* _Work instructions_:
Retype, word for word, every line of the records below starting at the one that contains "Malas Collection Glass" and ending at the one that contains "Calculator motor, cod"; include both of those lines and nothing more.

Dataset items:
_ _ _

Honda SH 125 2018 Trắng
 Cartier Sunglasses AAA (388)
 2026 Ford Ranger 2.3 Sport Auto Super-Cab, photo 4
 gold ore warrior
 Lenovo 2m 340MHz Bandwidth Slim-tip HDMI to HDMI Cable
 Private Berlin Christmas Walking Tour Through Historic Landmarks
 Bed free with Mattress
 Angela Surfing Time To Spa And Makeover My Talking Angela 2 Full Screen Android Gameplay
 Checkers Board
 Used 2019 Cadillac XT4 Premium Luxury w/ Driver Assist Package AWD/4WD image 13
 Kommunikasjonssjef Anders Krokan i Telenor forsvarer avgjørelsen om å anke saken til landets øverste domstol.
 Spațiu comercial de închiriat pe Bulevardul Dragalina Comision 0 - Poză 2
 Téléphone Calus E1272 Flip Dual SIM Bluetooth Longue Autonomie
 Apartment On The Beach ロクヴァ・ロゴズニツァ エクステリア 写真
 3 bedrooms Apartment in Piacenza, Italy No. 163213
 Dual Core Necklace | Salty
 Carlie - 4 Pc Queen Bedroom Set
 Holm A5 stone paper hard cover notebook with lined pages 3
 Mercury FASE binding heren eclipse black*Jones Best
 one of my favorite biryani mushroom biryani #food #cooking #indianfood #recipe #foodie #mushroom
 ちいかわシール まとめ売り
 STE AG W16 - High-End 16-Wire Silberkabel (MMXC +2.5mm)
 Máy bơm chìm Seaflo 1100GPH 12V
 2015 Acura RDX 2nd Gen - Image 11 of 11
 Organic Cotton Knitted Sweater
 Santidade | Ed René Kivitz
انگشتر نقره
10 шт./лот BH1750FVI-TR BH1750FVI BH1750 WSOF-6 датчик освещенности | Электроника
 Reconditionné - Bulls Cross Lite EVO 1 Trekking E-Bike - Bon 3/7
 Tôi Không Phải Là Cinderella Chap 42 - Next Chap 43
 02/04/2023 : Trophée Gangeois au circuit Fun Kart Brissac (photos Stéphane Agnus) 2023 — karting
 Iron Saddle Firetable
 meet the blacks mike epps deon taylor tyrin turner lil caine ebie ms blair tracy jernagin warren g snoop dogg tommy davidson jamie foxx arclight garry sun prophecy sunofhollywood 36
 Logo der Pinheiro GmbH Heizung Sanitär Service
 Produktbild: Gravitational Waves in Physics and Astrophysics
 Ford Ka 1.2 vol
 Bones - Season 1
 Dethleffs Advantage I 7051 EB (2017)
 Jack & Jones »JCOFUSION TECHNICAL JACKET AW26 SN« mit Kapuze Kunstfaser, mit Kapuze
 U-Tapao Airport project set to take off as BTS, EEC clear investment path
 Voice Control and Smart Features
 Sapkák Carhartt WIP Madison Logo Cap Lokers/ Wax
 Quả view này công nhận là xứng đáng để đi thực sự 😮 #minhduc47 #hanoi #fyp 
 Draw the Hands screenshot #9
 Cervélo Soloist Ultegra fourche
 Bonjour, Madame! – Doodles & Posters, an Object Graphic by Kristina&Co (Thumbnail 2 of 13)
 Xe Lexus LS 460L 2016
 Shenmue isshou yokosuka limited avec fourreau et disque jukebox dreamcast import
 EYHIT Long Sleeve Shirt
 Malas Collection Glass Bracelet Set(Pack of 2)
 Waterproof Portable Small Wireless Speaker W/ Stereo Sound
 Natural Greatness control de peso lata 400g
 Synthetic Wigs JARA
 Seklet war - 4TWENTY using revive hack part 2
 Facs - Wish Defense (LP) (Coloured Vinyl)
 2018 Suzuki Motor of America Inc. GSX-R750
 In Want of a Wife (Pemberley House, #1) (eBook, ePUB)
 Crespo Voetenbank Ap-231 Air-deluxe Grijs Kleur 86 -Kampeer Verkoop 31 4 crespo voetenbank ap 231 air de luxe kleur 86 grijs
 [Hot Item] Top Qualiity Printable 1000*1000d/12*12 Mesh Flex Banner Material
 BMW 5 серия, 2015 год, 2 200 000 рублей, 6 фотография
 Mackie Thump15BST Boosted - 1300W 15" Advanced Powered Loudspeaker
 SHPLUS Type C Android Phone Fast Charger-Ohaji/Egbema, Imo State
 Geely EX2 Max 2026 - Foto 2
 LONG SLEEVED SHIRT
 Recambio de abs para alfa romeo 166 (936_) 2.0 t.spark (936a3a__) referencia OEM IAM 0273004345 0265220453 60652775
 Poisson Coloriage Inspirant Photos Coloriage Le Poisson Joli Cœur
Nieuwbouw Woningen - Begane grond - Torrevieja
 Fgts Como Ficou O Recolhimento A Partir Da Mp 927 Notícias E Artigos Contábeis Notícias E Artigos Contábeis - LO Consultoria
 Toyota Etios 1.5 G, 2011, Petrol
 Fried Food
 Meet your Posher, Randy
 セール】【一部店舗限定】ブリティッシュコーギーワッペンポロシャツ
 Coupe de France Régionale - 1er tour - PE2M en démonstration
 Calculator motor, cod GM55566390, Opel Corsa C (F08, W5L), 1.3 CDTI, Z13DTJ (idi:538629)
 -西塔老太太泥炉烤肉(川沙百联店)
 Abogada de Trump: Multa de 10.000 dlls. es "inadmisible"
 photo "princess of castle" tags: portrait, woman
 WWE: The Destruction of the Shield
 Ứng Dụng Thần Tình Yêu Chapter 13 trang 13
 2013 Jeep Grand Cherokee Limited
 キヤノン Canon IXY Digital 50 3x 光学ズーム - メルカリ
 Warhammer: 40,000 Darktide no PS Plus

_ _ _

* _Response_:
 Malas Collection Glass Bracelet Set(Pack of 2)
 Waterproof Portable Small Wireless Speaker W/ Stereo Sound
 Natural Greatness control de peso lata 400g
 Synthetic Wigs JARA
 Seklet war - 4TWENTY using revive hack part 2
 Facs - Wish Defense (LP) (Coloured Vinyl)
 2018 Suzuki Motor of America Inc. GSX-R750
 In Want of a Wife (Pemberley House, #1) (eBook, ePUB)
 Crespo Voetenbank Ap-231 Air-deluxe Grijs Kleur 86 -Kampeer Verkoop 31 4 crespo voetenbank ap 231 air de luxe kleur 86 grijs
 [Hot Item] Top Qualiity Printable 1000*1000d/12*12 Mesh Flex Banner Material
 BMW 5 серия, 2015 год, 2 200 000 рублей, 6 фотография
 Mackie Thump15BST Boosted - 1300W 15" Advanced Powered Loudspeaker
 SHPLUS Type C Android Phone Fast Charger-Ohaji/Egbema, Imo State
 Geely EX2 Max 2026 - Foto 2
 LONG SLEEVED SHIRT
 Recambio de abs para alfa romeo 166 (936_) 2.0 t.spark (936a3a__) referencia OEM IAM 0273004345 0265220453 60652775
 Poisson Coloriage Inspirant Photos Coloriage Le Poisson Joli Cœur
Nieuwbouw Woningen - Begane grond - Torrevieja
 Fgts Como Ficou O Recolhimento A Partir Da Mp 927 Notícias E Artigos Contábeis Notícias E Artigos Contábeis - LO Consultoria
 Toyota Etios 1.5 G, 2011, Petrol
 Fried Food
 Meet your Posher, Randy
 セール】【一部店舗限定】ブリティッシュコーギーワッペンポロシャツ
 Coupe de France Régionale - 1er tour - PE2M en démonstration
 Calculator motor, cod GM55566390, Opel Corsa C (F08, W5L), 1.3 CDTI, Z13DTJ (idi:538629)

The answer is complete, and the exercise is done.